A decade later and young nurse Elizabeth (Vanessa Grasse) takes a new post at the same institution, befriending two male teenage inmates, Bud and Jackson, one of whom may be the grown up Jedidiah under a new name. When Verna arrives with a lawyer, demanding to see her boy for the first time since he was taken away from her, she initiates a violent breakout, which results in Elizabeth, Bud and Jackson being taken hostage by a violent couple.
The directors of this eighth instalment in the franchise are Alexandre Bustillo and Julien Maury, a filmmaking duo best known for their 2007 thriller Inside (look out for a US remake arriving in 2018), a cornerstone of the New French Extremity movement of the '00s. Unlike Hooper, who managed to fool his audience into thinking they were watching a sangre-soaked movie without actually spilling a drop of blood on screen, Bustillo and Maury bring their Gallic gore aesthetic very much to play here. The working title for Hooper's film was 'Head Cheese', but 'Head Trauma' would be more fitting for this one, with the French duo delivering an endless parade of noggin-related violence, with heads blown apart by gunshots, severed by car doors, slammed through glass windows and collapsing like water-melons under boot-stompings.

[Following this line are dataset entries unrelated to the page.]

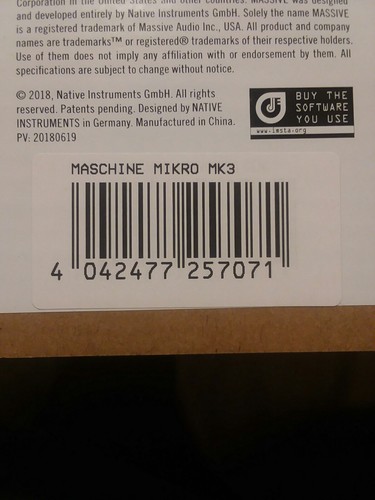 Native Instruments Maschine Mikro MK3 Groove Production Studio NEVER OPENED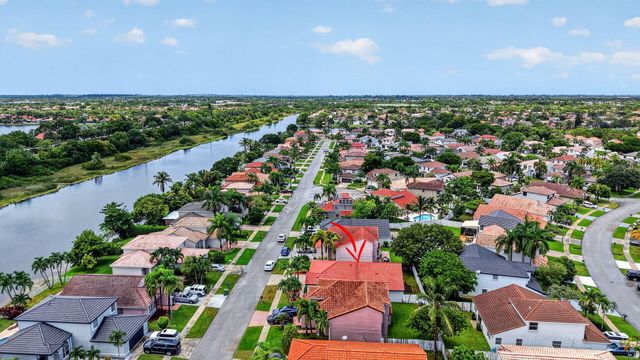 1371 SW 181ST Avenue, Pembroke Pines, FL 33029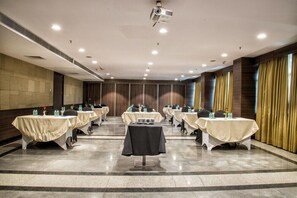 Meeting facility - Hide Away Suites (Noida)
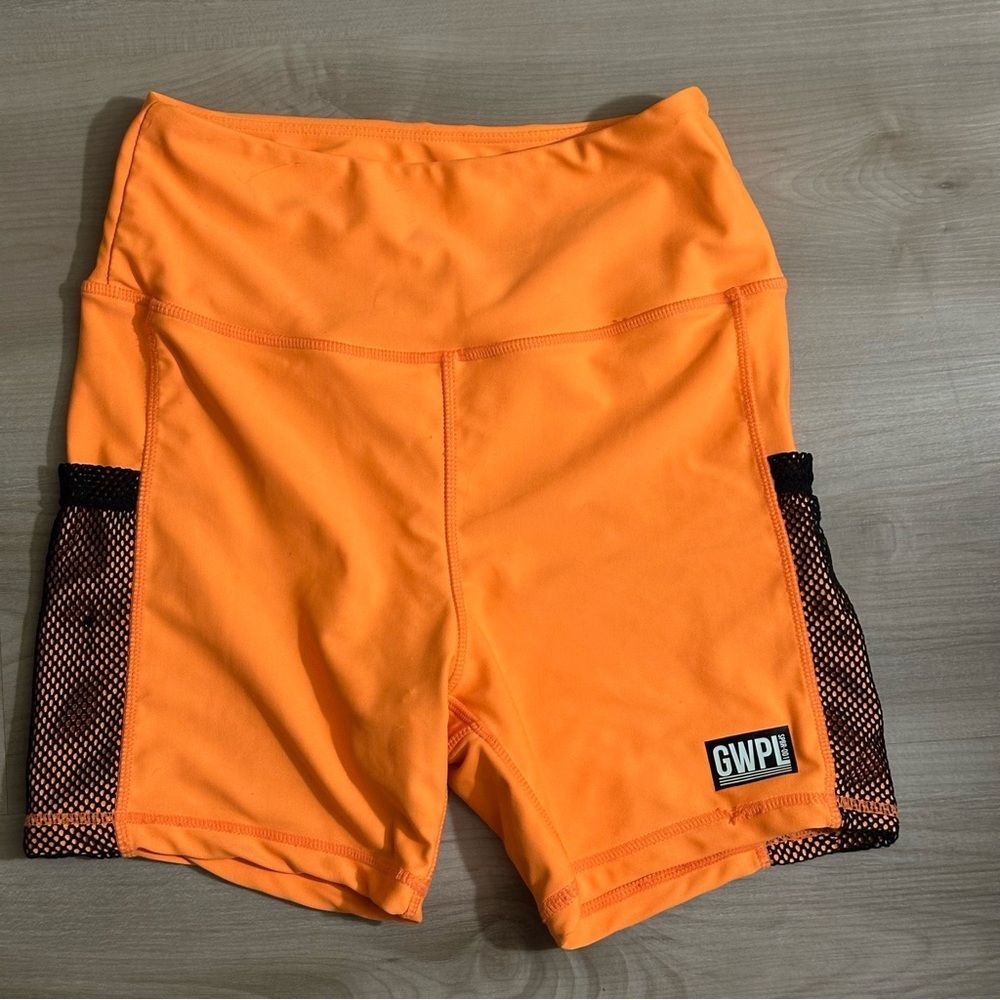 Girls Who Powerlift Women Shorts Orange Size Medium GWPL 4 Inch‎ Inseam
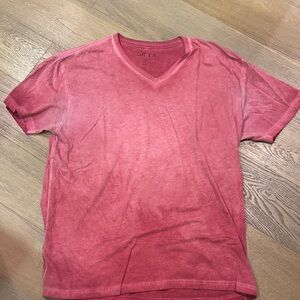 GR/LA Men's Short-Sleeve V-Neck Tee in Washed Coral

Despite the over the top nature of the violence and the cartoonish character of the storyline, it's all played with a poker face, and there's no fun to be had watching a dull Natural Born Killers knock-off that doesn't deliver on its title until its closing minutes. Given their reputation, Bustillo and Maury give us a movie severely lacking in style, though we do get the customary striking New French Extremity image of a young woman covered head to toe in blood thanks to a scene that riffs on Seraphim Falls and The Revenant.
Anyone familiar with Rob Zombie's addition to Halloween lore will be unsurprised that Bustillo and Maury's attempt to add a backstory to a franchise that simply doesn't need one fails to pay off. Leatherface was scary because of his ambiguity, not in spite of it. Like Michael Myers' repurposed Shatner mask, the iconic flesh and thread mask originally worn by Gunnar Hansen allowed us to project our own fears onto its blankness. Here we simply get an insight into the fears of Bustillo and Maury, who seem to share an innate dread of head trauma.
Leatherface is on VOD December 18th and DVD January 8th.